##### Listed entries

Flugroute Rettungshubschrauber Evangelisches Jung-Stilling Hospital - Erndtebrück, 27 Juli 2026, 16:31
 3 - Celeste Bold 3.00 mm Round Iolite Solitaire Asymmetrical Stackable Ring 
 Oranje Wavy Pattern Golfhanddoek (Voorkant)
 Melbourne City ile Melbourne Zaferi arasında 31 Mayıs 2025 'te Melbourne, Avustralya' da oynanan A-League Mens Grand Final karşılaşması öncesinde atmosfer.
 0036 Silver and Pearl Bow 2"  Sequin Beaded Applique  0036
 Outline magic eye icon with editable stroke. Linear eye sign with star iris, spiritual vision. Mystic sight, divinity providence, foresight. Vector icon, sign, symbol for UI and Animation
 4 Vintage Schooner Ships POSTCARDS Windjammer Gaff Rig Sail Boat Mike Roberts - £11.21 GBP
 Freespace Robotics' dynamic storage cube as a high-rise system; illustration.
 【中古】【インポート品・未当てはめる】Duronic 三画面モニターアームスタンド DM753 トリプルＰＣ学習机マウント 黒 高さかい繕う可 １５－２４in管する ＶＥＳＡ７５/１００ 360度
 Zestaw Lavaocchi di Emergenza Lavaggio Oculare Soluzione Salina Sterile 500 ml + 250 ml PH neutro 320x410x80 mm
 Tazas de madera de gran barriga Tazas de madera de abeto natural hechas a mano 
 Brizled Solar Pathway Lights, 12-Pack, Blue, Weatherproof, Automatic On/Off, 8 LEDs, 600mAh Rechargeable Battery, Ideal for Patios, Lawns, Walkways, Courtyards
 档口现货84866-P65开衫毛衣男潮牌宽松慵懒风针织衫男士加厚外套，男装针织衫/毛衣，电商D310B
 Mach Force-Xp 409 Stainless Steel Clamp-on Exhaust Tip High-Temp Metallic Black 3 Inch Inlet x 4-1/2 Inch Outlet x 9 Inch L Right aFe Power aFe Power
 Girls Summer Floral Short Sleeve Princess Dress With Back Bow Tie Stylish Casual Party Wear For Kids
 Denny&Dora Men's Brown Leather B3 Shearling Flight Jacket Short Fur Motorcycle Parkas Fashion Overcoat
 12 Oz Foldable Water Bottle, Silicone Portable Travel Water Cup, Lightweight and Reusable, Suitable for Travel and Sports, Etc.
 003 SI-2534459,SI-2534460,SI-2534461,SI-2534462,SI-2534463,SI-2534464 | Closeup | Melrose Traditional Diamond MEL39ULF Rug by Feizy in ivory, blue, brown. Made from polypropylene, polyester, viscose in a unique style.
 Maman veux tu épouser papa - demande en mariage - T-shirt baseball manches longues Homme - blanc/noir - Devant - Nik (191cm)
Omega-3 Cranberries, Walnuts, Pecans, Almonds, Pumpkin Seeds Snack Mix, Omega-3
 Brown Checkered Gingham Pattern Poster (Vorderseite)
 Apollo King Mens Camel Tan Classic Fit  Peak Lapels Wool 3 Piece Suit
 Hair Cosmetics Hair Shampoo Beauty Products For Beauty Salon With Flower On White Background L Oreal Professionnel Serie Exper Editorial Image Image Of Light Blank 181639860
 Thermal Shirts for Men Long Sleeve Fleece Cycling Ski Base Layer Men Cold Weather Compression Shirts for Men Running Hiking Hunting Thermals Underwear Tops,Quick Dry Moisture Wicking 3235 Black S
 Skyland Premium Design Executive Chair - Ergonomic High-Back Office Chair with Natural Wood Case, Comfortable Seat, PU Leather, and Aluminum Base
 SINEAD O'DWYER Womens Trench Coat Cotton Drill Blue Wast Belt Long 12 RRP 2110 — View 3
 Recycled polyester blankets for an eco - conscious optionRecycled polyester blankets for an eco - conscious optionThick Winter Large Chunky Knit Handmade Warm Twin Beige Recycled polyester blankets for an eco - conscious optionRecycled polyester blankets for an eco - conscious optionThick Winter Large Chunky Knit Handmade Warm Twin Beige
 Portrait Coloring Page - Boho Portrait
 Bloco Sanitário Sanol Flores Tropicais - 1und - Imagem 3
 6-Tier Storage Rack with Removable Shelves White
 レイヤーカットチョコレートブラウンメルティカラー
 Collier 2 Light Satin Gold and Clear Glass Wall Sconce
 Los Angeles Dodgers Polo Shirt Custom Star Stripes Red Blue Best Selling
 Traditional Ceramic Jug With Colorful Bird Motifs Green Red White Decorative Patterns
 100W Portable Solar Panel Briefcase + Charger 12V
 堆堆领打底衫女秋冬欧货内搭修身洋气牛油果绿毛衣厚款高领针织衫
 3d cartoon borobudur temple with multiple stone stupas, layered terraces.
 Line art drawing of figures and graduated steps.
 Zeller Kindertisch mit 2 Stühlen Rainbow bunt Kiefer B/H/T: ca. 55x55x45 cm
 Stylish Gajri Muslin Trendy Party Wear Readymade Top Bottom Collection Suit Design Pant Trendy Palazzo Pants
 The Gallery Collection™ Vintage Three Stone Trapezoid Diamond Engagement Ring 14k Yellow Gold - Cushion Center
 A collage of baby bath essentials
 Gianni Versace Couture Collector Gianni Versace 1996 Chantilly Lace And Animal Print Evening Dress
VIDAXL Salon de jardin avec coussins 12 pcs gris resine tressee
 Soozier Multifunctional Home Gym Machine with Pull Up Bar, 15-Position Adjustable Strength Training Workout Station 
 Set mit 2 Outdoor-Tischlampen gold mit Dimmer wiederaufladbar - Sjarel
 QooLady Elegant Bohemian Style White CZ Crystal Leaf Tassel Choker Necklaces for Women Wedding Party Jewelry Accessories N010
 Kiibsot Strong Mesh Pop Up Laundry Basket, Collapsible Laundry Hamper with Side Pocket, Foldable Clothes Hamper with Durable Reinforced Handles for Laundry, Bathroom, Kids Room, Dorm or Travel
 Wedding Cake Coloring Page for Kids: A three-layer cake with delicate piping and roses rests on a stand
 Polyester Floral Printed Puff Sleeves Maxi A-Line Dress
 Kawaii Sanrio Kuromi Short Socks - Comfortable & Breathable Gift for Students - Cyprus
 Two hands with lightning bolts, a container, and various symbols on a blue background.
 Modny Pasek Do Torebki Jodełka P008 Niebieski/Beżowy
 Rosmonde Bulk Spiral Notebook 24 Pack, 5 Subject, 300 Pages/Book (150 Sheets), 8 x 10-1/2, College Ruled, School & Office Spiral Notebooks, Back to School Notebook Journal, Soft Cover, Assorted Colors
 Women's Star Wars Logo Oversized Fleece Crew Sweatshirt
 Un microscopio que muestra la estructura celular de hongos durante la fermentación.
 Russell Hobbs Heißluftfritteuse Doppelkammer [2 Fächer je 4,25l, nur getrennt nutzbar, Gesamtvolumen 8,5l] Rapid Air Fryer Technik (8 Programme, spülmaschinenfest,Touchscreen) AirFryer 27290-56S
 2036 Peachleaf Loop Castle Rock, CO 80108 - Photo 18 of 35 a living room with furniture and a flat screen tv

##########

What the task requires » Look above for the line containing "Melbourne City ile". Output from there through the line containing "0036 Silver and", exactly and inclusively.

Response »
 Melbourne City ile Melbourne Zaferi arasında 31 Mayıs 2025 'te Melbourne, Avustralya' da oynanan A-League Mens Grand Final karşılaşması öncesinde atmosfer.
 0036 Silver and Pearl Bow 2"  Sequin Beaded Applique  0036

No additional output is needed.